Questi risultati suggeriscono che il test genetico germinale dovrebbe essere eseguito in parallelo con l’immunoistochimica, il test di instabilità dei microsatelliti e il sequenziamento di nuova generazione fin dalla valutazione iniziale dei tumori sebacei10).
Miglioramento dell’accuratezza del test di instabilità dei microsatelliti
Nel test di instabilità dei microsatelliti sono stati riportati anche falsi negativi del 28% con il metodo pentaplex PCR e del 10% con un metodo migliorato a 7 marcatori10). Lo sviluppo di pannelli di instabilità dei microsatelliti più sensibili è in corso.

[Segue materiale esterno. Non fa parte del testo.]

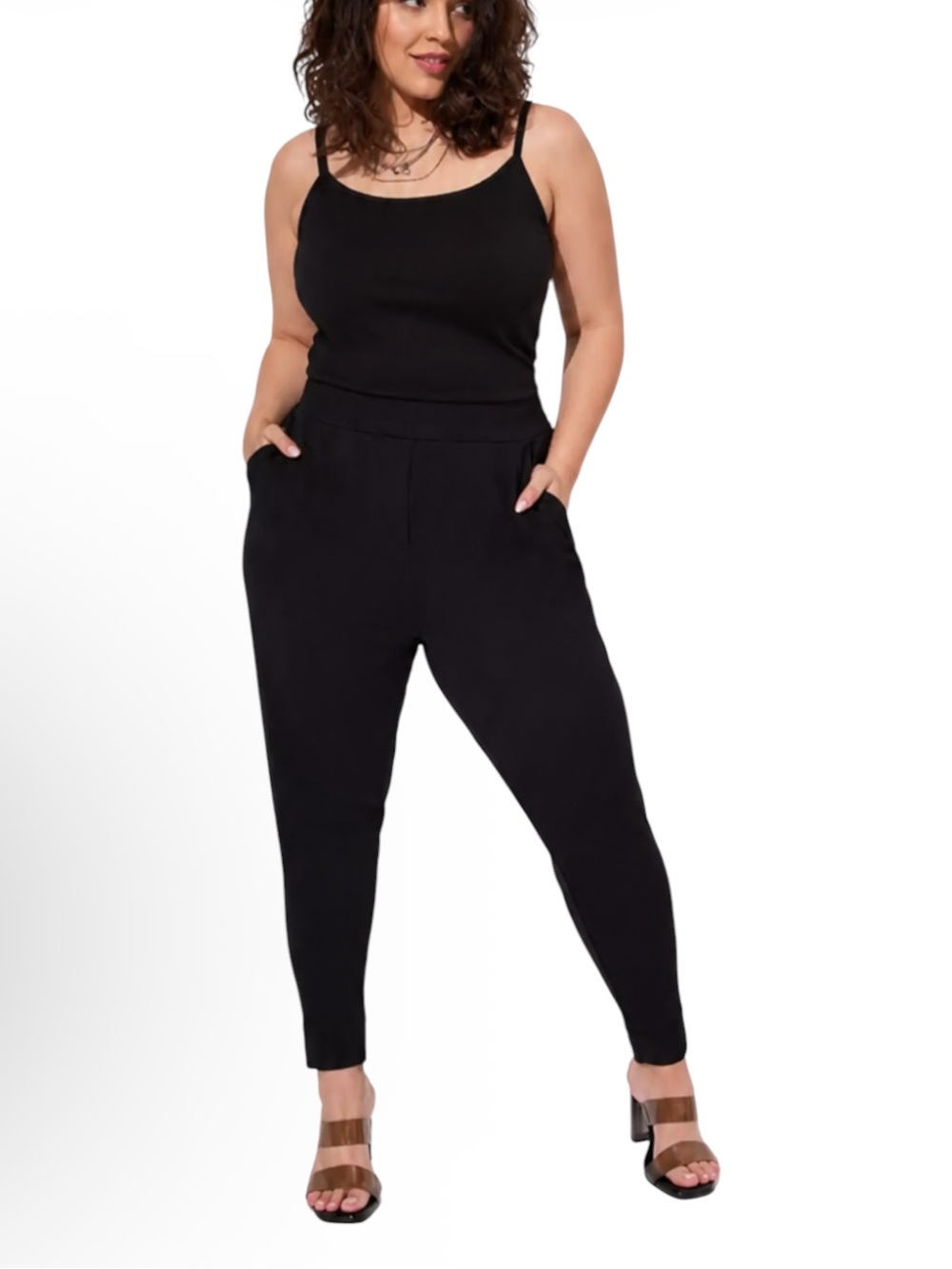 Torrid Black Ponte Knit Jumpsuit Sleeveless Tapered Leg Pockets Size 4X
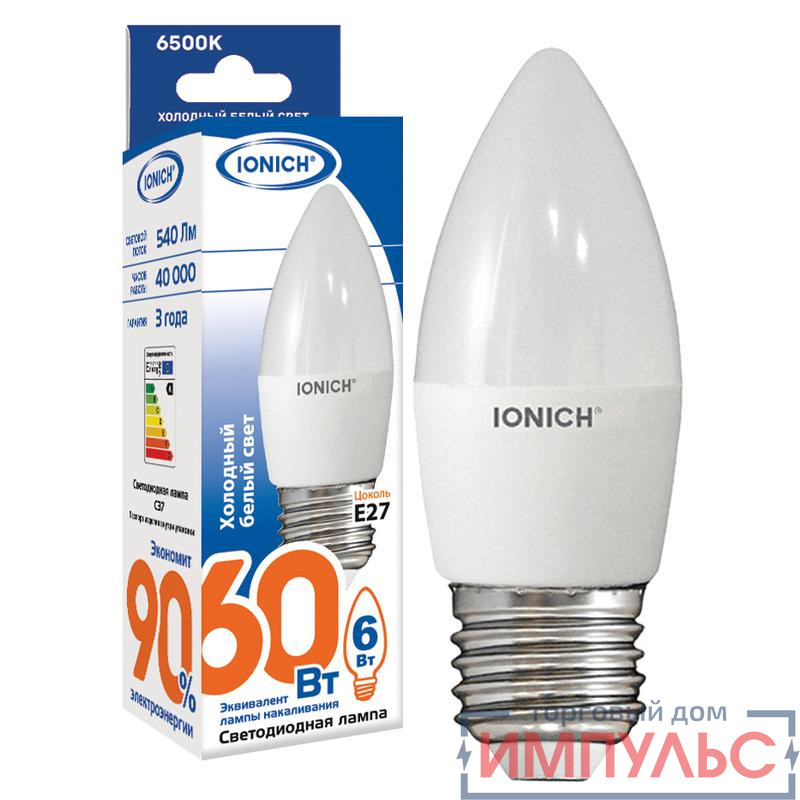 Лампа светодиодная ILED-SMD2835-C37-6-540-220-6.5-E27 (1119) IONICH 1533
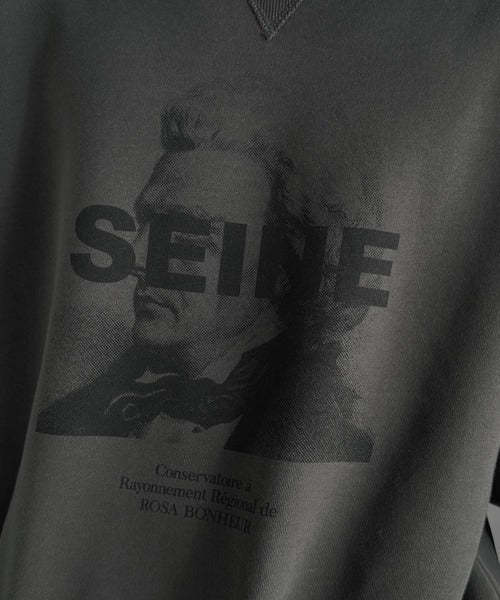 【Classical Origin】肖像画裏起毛スウェット／Face Art Fleece Sweatshirt ao1330042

Oncologia di precisione con il sequenziamento di nuova generazione
Tetzlaff et al. hanno riportato di aver trovato mutazioni genetiche clinicamente azionabili (mutazioni che possono essere bersaglio di terapie mirate) nel 52% dei carcinomi sebacei10). Mutazioni NOTCH1/NOTCH2 sono state inoltre identificate di recente nei tumori sebacei associati alla sindrome di Muir-Torre (Simic et al.)10).

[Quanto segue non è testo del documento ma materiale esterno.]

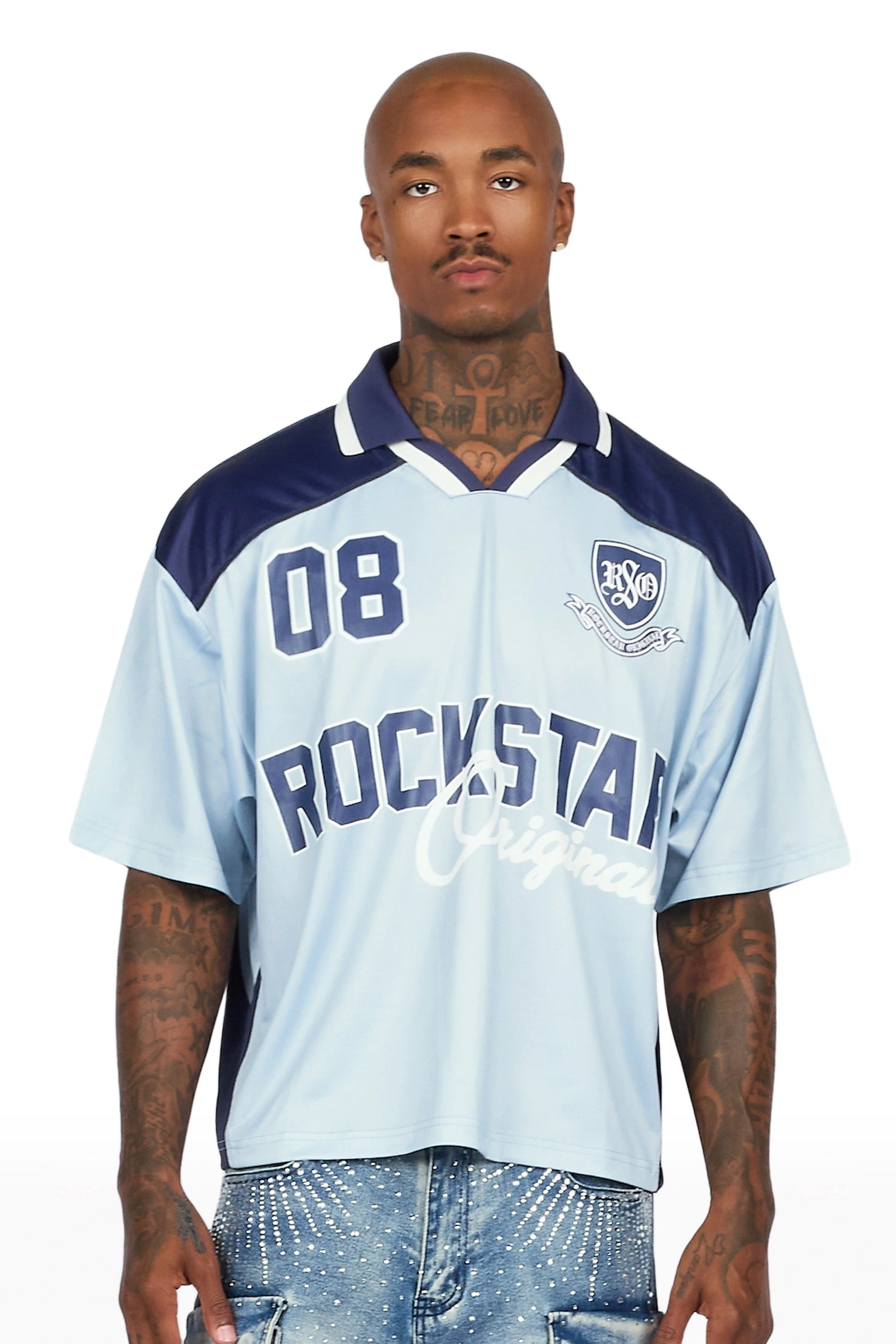 Roche Light Blue World Soccer Inspired Graphic Jersey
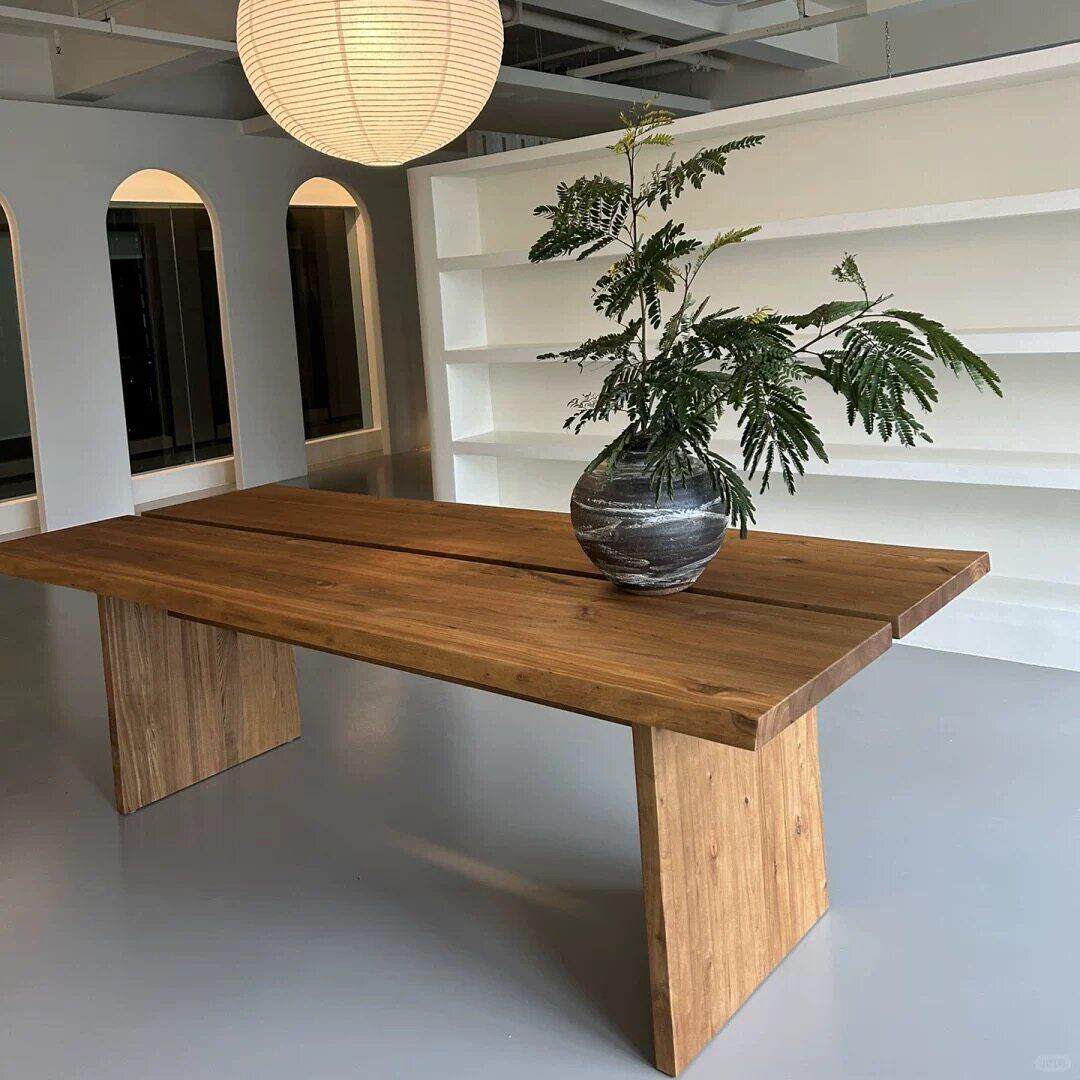北欧实木大板餐桌长方形书桌工作台原木办公桌现代简约会议桌长桌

Carcinoma a cellule renali associato alla sindrome di Lynch/sindrome di Muir-Torre
Il carcinoma a cellule renali è raro nei pazienti con sindrome di Lynch/sindrome di Muir-Torre, e in letteratura sono stati riportati solo 26 casi6). Il tipo a cellule chiare è il più comune, ma sono stati riportati anche tipi papillari (Tipo 1/2).

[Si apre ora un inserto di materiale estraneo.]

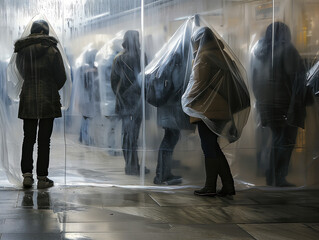 People walking down the street. Abstract image with people covered with plastic. Symbolizes environmental problems and the spread of various psychological problems in modern society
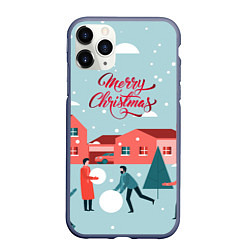 Чехол iPhone 11 Pro матовый Merry ChristmasCчастливого Рождества, цвет: 3D-серый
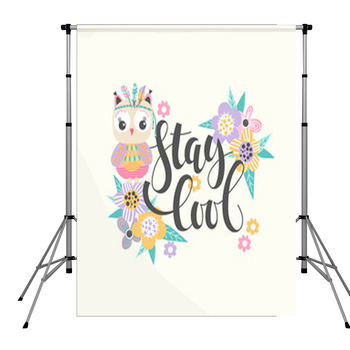Cartoon Owl And Lettering Pole Pocket Backdrop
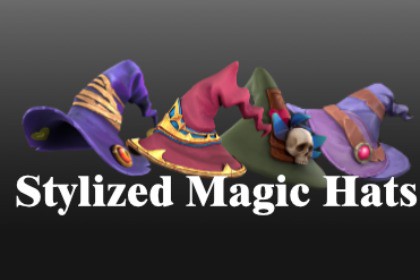 Stylized Magic Hats l Game Ready l Handpainted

Yang et al. (2021) hanno riportato un caso di carcinoma renale papillare e adenocarcinoma del colon insorti contemporaneamente in un uomo di 85 anni con sindrome di Muir-Torre e una variante patogena germinale di MSH66). Hanno sottolineato che le mutazioni di MSH6 sono soggette a falsi negativi nel consueto pannello di instabilità dei microsatelliti a 5 marcatori e che è necessario un pannello dedicato ai marcatori mononucleotidici.
Savoia et al. (2024) hanno revisionato la dermoscopia in 34 casi di carcinoma sebaceo extraoculare e hanno proposto le «aree rosso-latte» come nuovo segno diagnostico, riscontrato nel 47%2). Aggiungerlo ai segni diagnostici tradizionali (aree gialle e vasi polimorfici) può migliorare la diagnosi precoce da parte di dermatologi e oftalmologi.